Gas stations in Germany will be required to provide charging for electric vehicles as part of the country’s €130 billion coronavirus stimulus package, Reuters reports. In addition, the government is also increasing its subsidy for electric vehicles by €3,000 to €6,000 for cars costing less than €40,000. Combined, these measures could be a big boost for electric car adoption in a country where many of the world’s biggest automakers are headquartered.
Electric vehicles are currently relatively uncommon in the country. According to Reuters, less than 2 percent of the cars sold in Germany last year were electric, compared to 32 percent for diesel cars and 59.2 percent for petrol. A key limiting factor for adoption is range anxiety, with customers worried that they won’t be able to recharge if their vehicle runs out of power while on the road. The new law is an attempt to change this.

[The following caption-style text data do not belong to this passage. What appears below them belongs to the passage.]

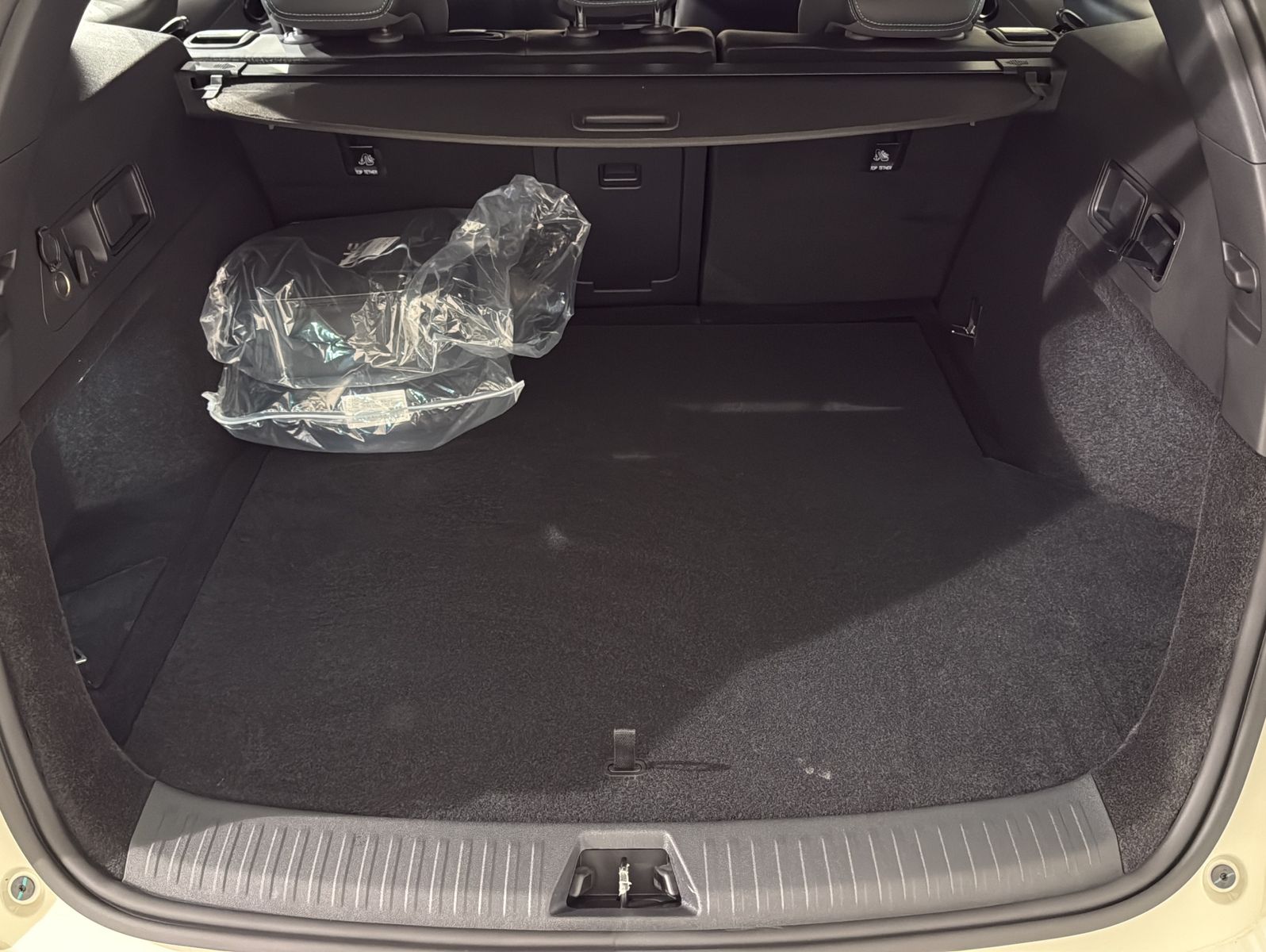 BYD SEAL 6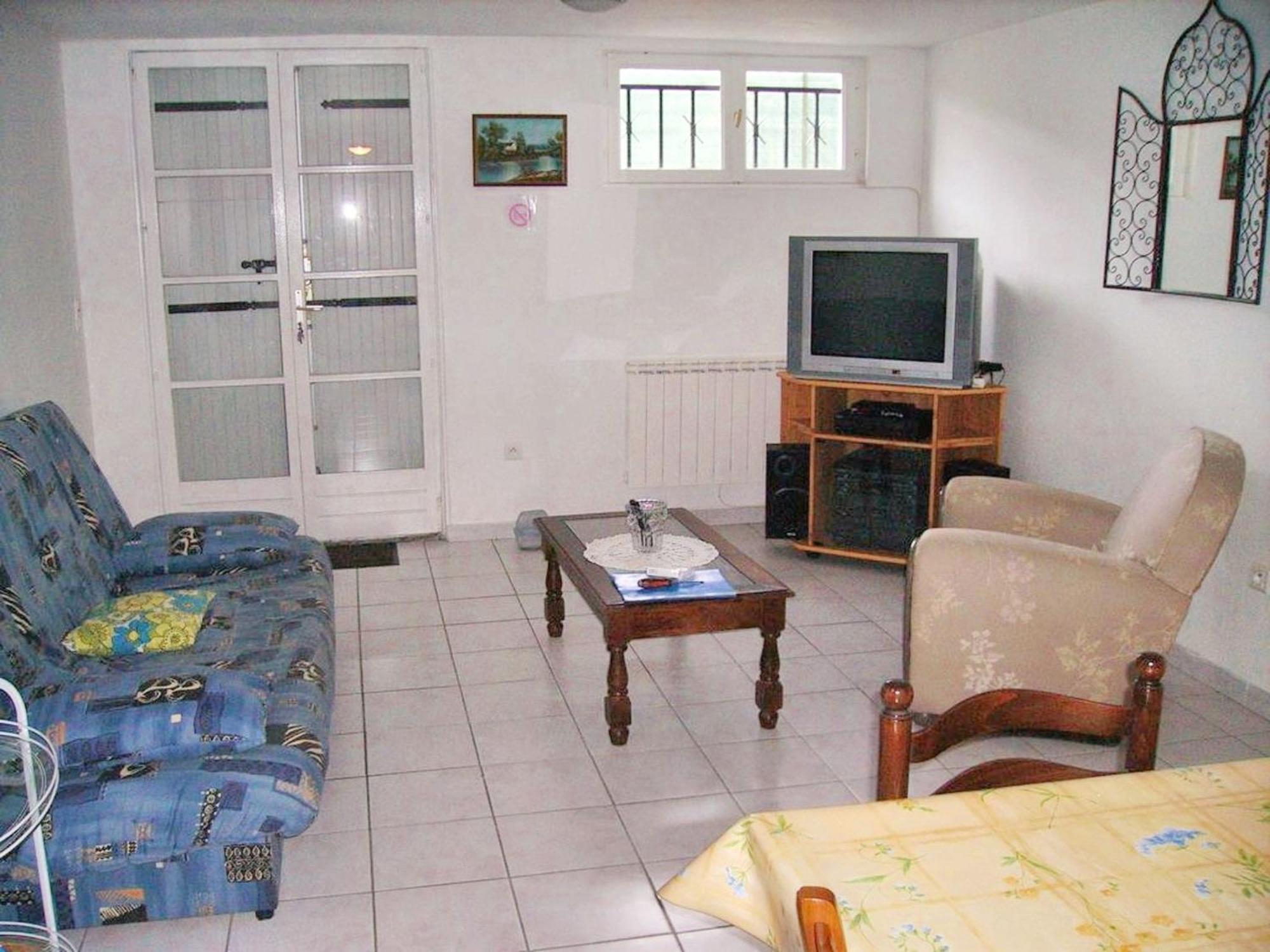 Appartement Charmant A Breuillet Avec Jardin Spacieux מראה חיצוני תמונה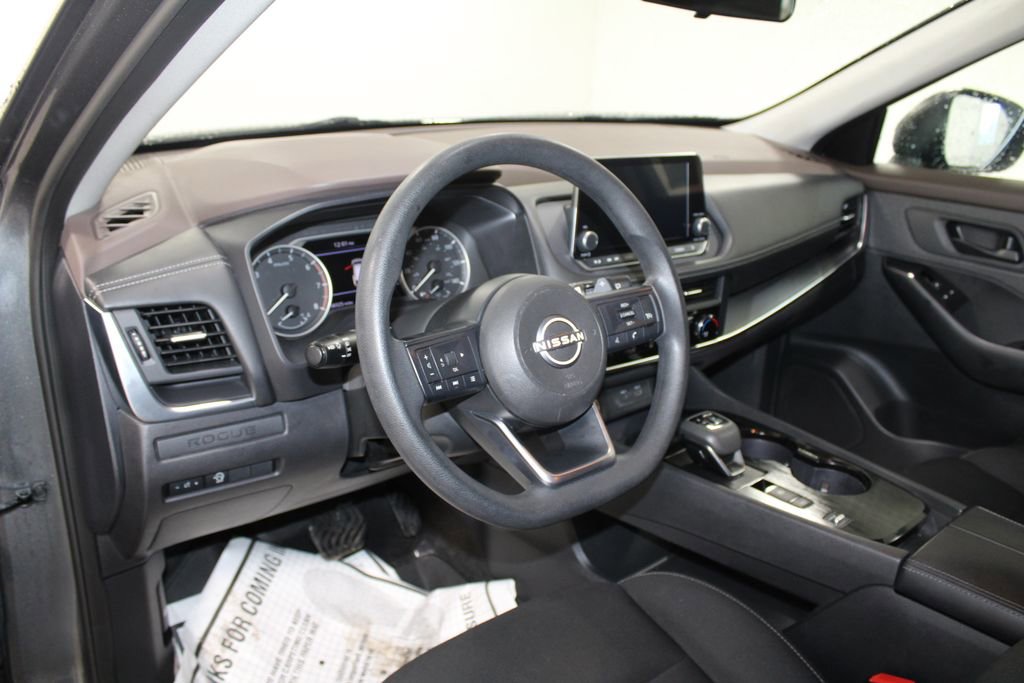 Used 2023 Nissan Rogue S image 21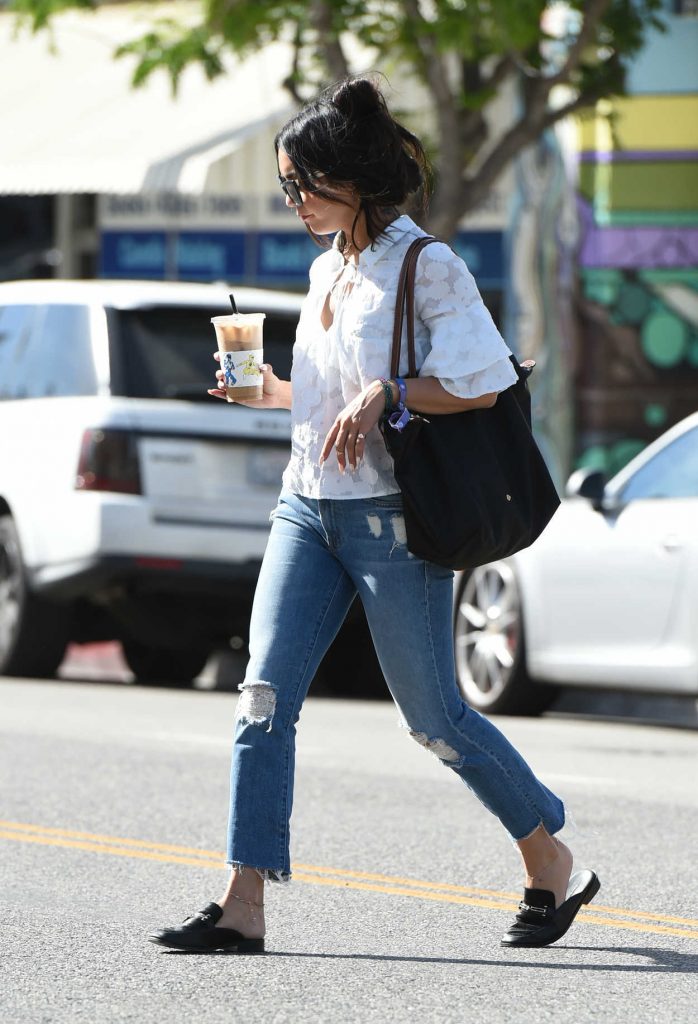 Vanessa Hudgens Gets Coffee in LA 04/27/2017-3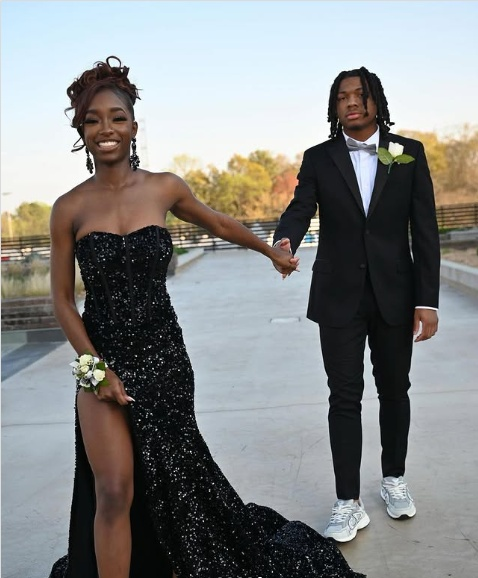 Sexy Black Off Shoulder Sweetheart Neck Sequin Slit Floor-Mounting Prom Dress Evening Dress TP2695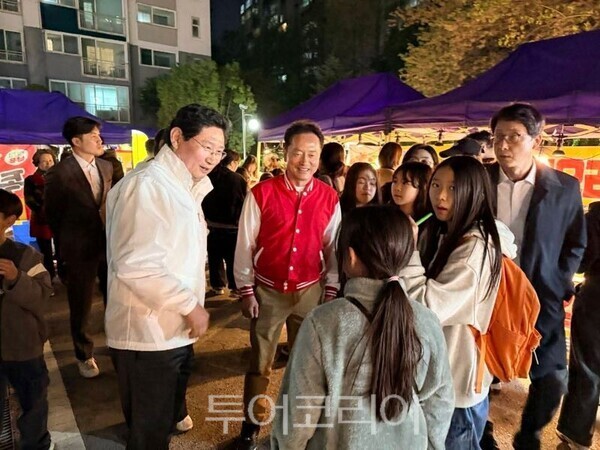  야시장에서 청년들고 소통하는 이상일 시장/투어코리아뉴스 정명달 기자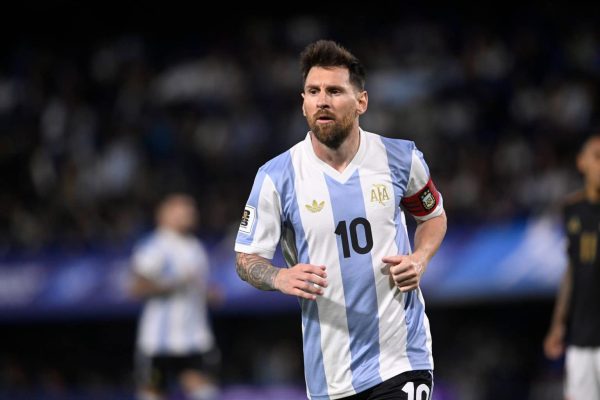 Campeões de 2022 e 2018 estreiam hoje no mundial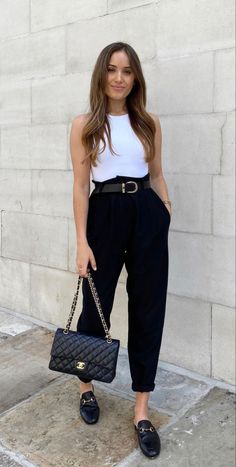 Outfit Minimalista, Look Office, Stylish Work Attire, Wardrobe Tips, Outfits Chic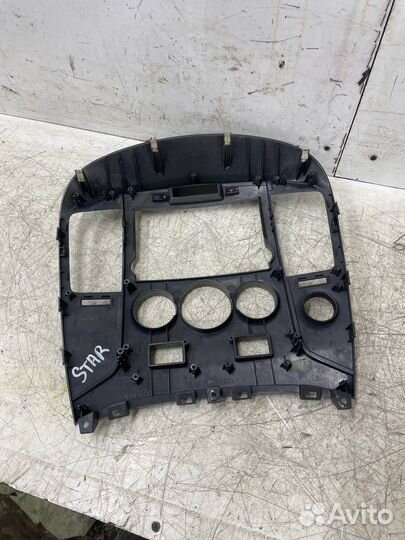 Накладка центральная Hyundai Grand Starex 1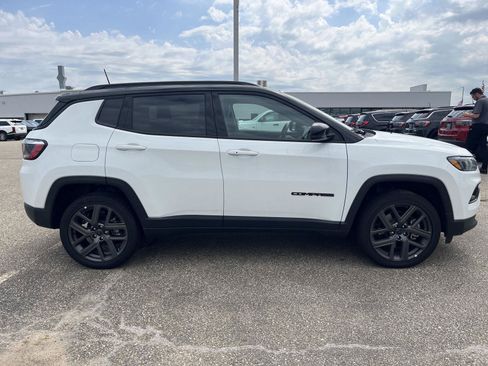 Used 2026 Jeep Compass Limited w/ Sun, Sound & Navigation Group AWD/4WD image 6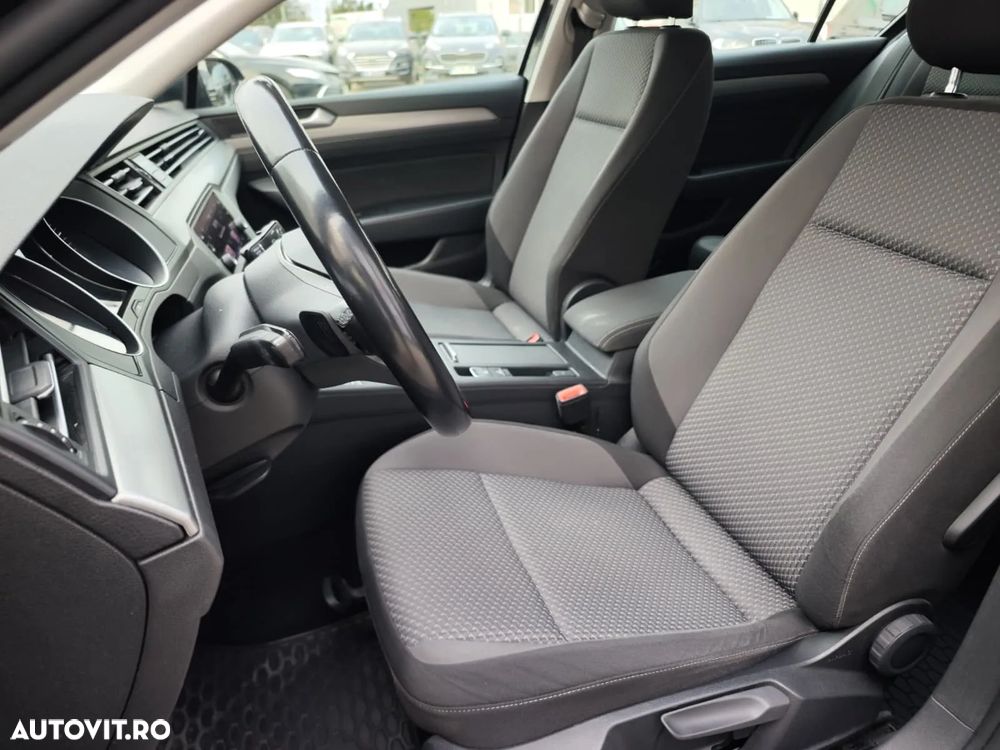Volkswagen Passat 1.5 TSI ACT DSG Advance - 11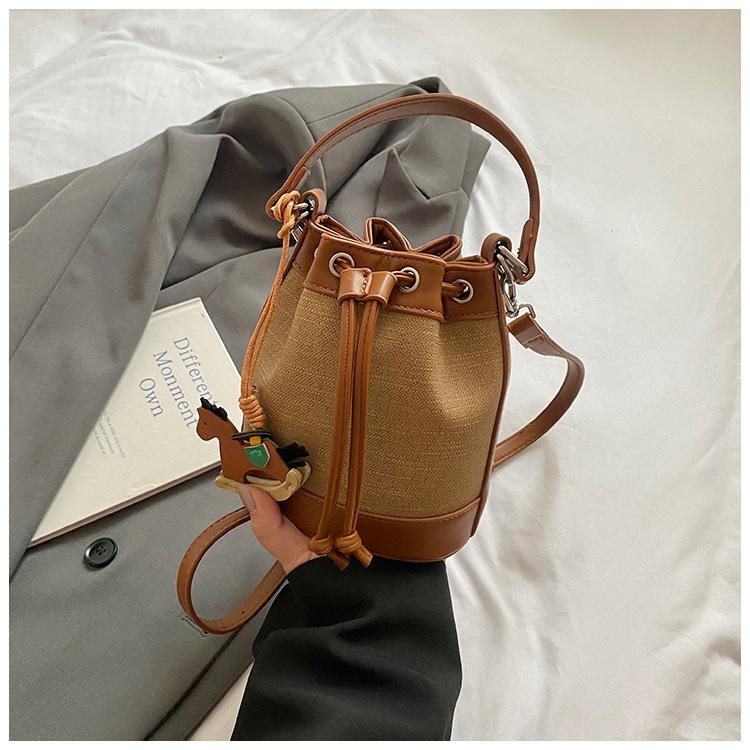 Stylish and simple contrasting color bucket bag women's 2025 new shoulder messenger bag high value casual strap handbag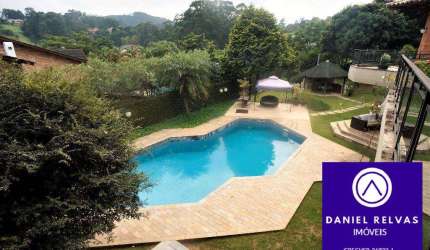 Casa com  Cinco Suítes  À Venda no Residencial Tamboré 1
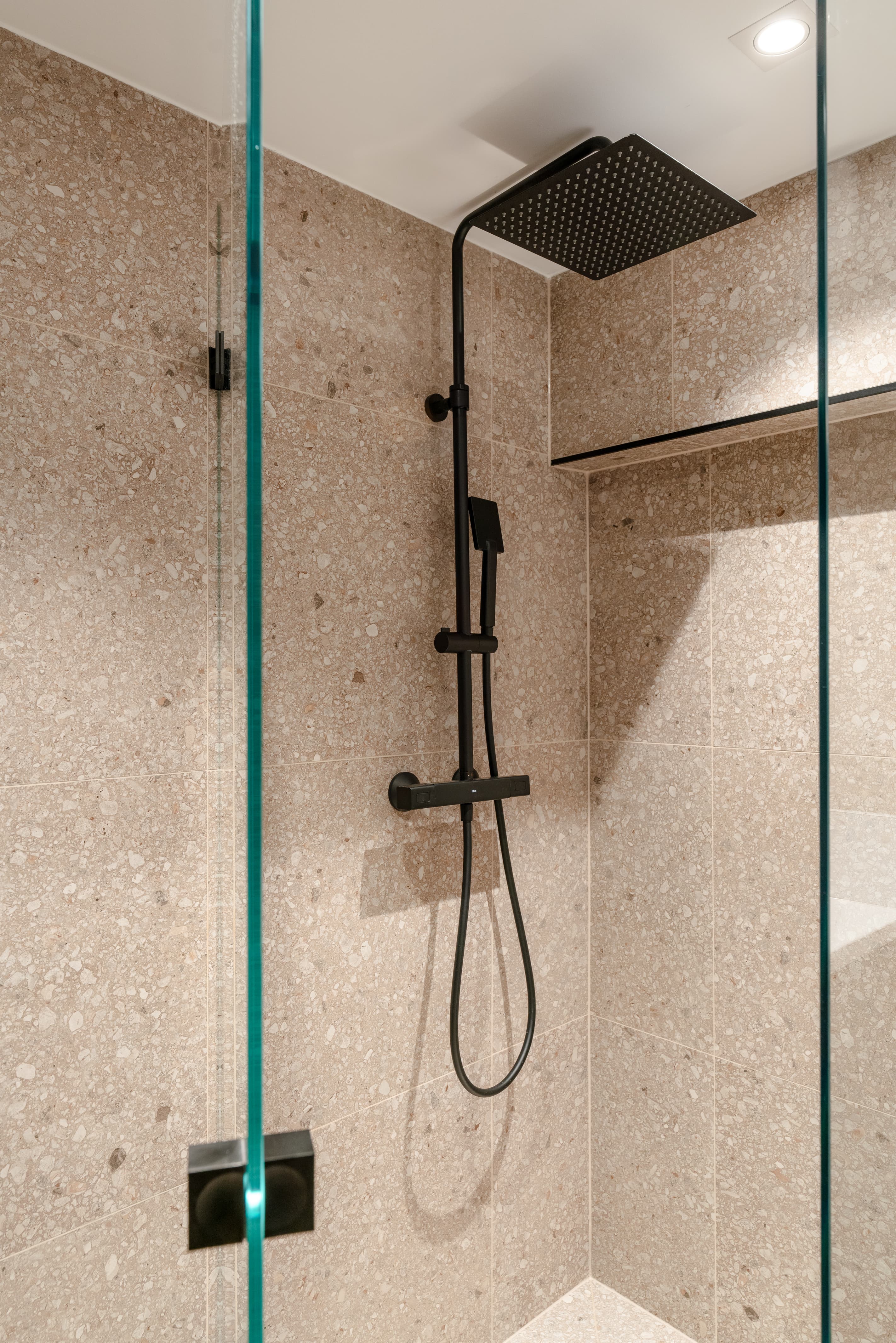 Dusjløsning med innebygd armatur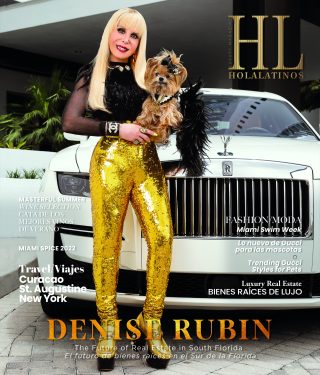 Denise Rubin posa con su perro frente a un coche de lujo, vistiendo pantalones dorados brillantes.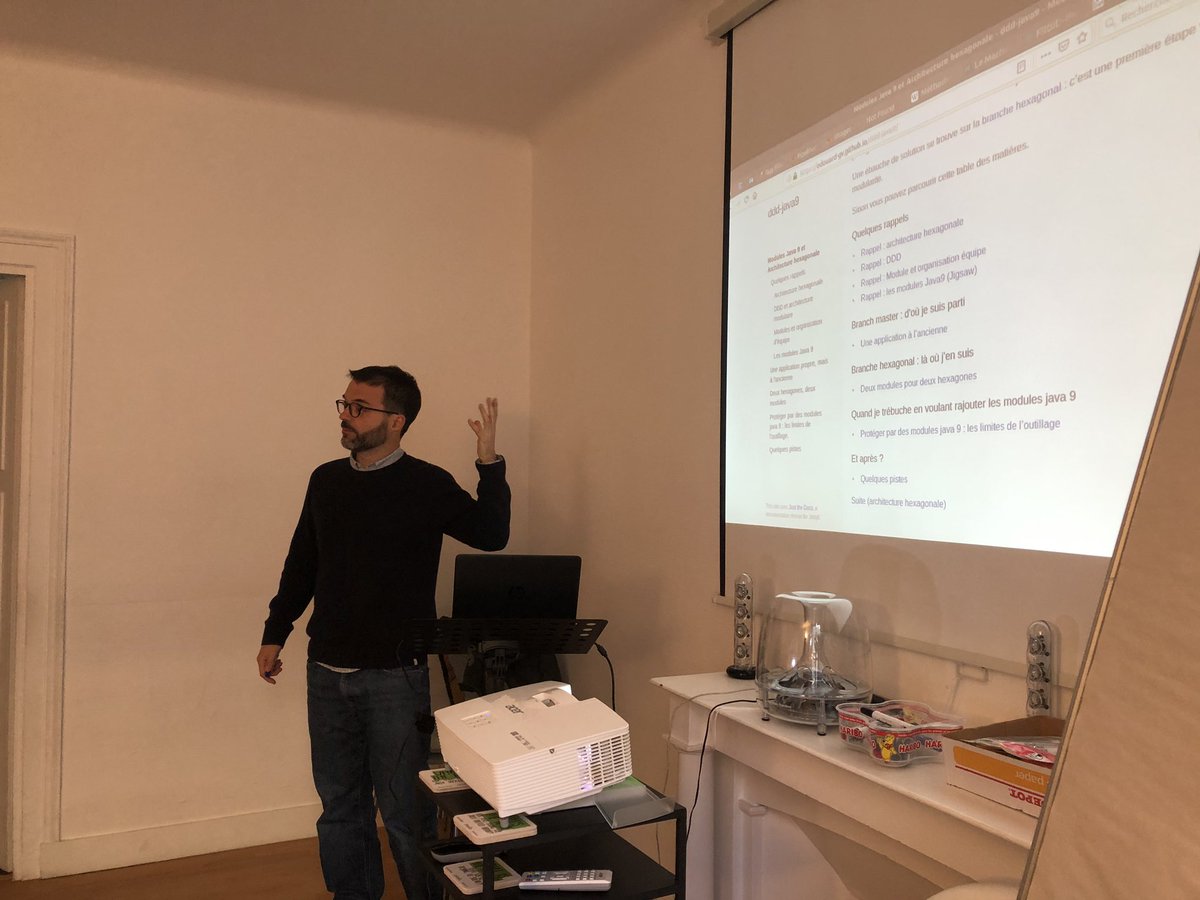 ArollaFr's tweet image. C’est parti pour la jam de code chez @ArollaFr par @edou_art ! #java9 #architecturehexagonale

Despite the increase, research suggests Germany may need yet more chargers for electric cars to go fully mainstream. Reuters notes that the country has 14,118 gas stations, but one report suggests it will need around 70,000 charging stations and 7,000 fast chargers to achieve mass market adoption. The country had 27,730 electric car charging stations as of March 2020.
Still, it’s a positive step for a country where automotive giants such as VW, BMW, and Daimler have their headquarters. Many of these established automakers are now heavily investing in electric vehicles after the Dieselgate scandal seriously undermined their green credentials. Electric car manufacturer Tesla is also in the process of establishing its first European Gigafactory in the country at a site near Berlin.
Germany isn’t the only country to announce measures to increase the adoption of electric vehicles this week. Yesterday, France announced a subsidy of up to €12,000 when they buy an electric car, Time reports.